Best Practices and Production Tips

1. Choose the Right Granularity

Per-User: Most common, prevents individual abuse
Per-IP: Useful for anonymous endpoints, but watch for NAT/proxy scenarios
Per-API-Key: Essential for third-party integrations
Global: Protect overall system capacity

2. Implement Proper Headers

Always return rate limit information in response headers:

X-RateLimit-Limit: 100
X-RateLimit-Remaining: 87
X-RateLimit-Reset: 1640995200
Retry-After: 60

3. Use Exponential Backoff

When clients hit rate limits, implement exponential backoff with jitter to prevent thundering herd problems.

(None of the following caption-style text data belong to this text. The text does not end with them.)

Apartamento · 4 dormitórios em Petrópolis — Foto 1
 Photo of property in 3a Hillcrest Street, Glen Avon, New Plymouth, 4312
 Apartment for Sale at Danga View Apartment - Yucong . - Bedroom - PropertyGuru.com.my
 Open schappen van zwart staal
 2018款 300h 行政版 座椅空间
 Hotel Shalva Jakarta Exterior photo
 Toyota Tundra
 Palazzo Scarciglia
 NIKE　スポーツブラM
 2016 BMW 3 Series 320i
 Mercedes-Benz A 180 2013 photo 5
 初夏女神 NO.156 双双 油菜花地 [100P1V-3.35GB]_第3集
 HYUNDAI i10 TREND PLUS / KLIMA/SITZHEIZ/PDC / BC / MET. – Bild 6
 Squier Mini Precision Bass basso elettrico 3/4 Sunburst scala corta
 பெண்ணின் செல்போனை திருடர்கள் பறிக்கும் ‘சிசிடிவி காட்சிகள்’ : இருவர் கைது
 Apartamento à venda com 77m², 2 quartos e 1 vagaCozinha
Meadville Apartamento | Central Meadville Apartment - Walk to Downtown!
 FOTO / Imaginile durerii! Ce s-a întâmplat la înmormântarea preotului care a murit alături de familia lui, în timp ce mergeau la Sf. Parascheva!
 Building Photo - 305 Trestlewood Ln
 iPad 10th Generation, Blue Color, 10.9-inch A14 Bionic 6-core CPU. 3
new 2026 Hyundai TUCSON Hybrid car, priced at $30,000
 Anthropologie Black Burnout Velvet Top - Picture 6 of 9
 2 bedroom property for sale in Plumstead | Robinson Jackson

async function retryWithBackoff(fn, maxRetries = 5) {
  for (let i = 0; i < maxRetries; i++) {
    try {
      return await fn();
    } catch (error) {
      if (error.status === 429 && i < maxRetries - 1) {
        const delay = Math.min(1000 * Math.pow(2, i) + Math.random() * 1000, 30000);
        await new Promise(resolve => setTimeout(resolve, delay));
      } else {
        throw error;
      }
    }
  }
}

4. Monitor and Alert

Track rate limit hit percentage
Monitor P95/P99 latencies
Alert on unusual patterns (potential attacks)
Log rejected requests for analysis

5. Consider Cost-Based Rate Limiting

Not all requests are equal. Assign different costs to expensive operations:

// Different operations consume different numbers of tokens
app.post('/api/complex-query', (req, res, next) => {
  if (rateLimiter.consume(10)) { // Expensive operation
    next();
  } else {
    res.status(429).json({ error: 'Rate limit exceeded' });
  }
});

app.get('/api/simple-read', (req, res, next) => {
  if (rateLimiter.consume(1)) { // Simple operation
    next();
  } else {
    res.status(429).json({ error: 'Rate limit exceeded' });
  }
});

Performance Comparison

Here's how these algorithms compare on key metrics:

Metric	Token Bucket	Leaky Bucket
Latency	O(1) constant time	O(1) with queue overhead
Memory	~50 bytes per user	~1KB per user (queue)
Throughput	>100K requests/sec	Depends on leak rate
Burst Handling	Excellent	Limited by queue size
Traffic Smoothing	No	Excellent
Implementation	Simple	Moderate complexity

Conclusion

Both Token Bucket and Leaky Bucket algorithms have their place in modern system design. Token Bucket's flexibility and burst allowance make it the default choice for most API rate limiting scenarios, while Leaky Bucket's constant output rate is perfect for traffic shaping and network applications.

Key Takeaways:

Token Bucket is ideal for user-facing APIs with variable traffic
Leaky Bucket excels at smoothing traffic and providing constant output
Use Redis for distributed rate limiting in production
Always implement proper monitoring and headers
Consider hybrid approaches for complex requirements

With these implementations and patterns, you're well-equipped to build robust rate limiting systems that protect your infrastructure while providing excellent user experience.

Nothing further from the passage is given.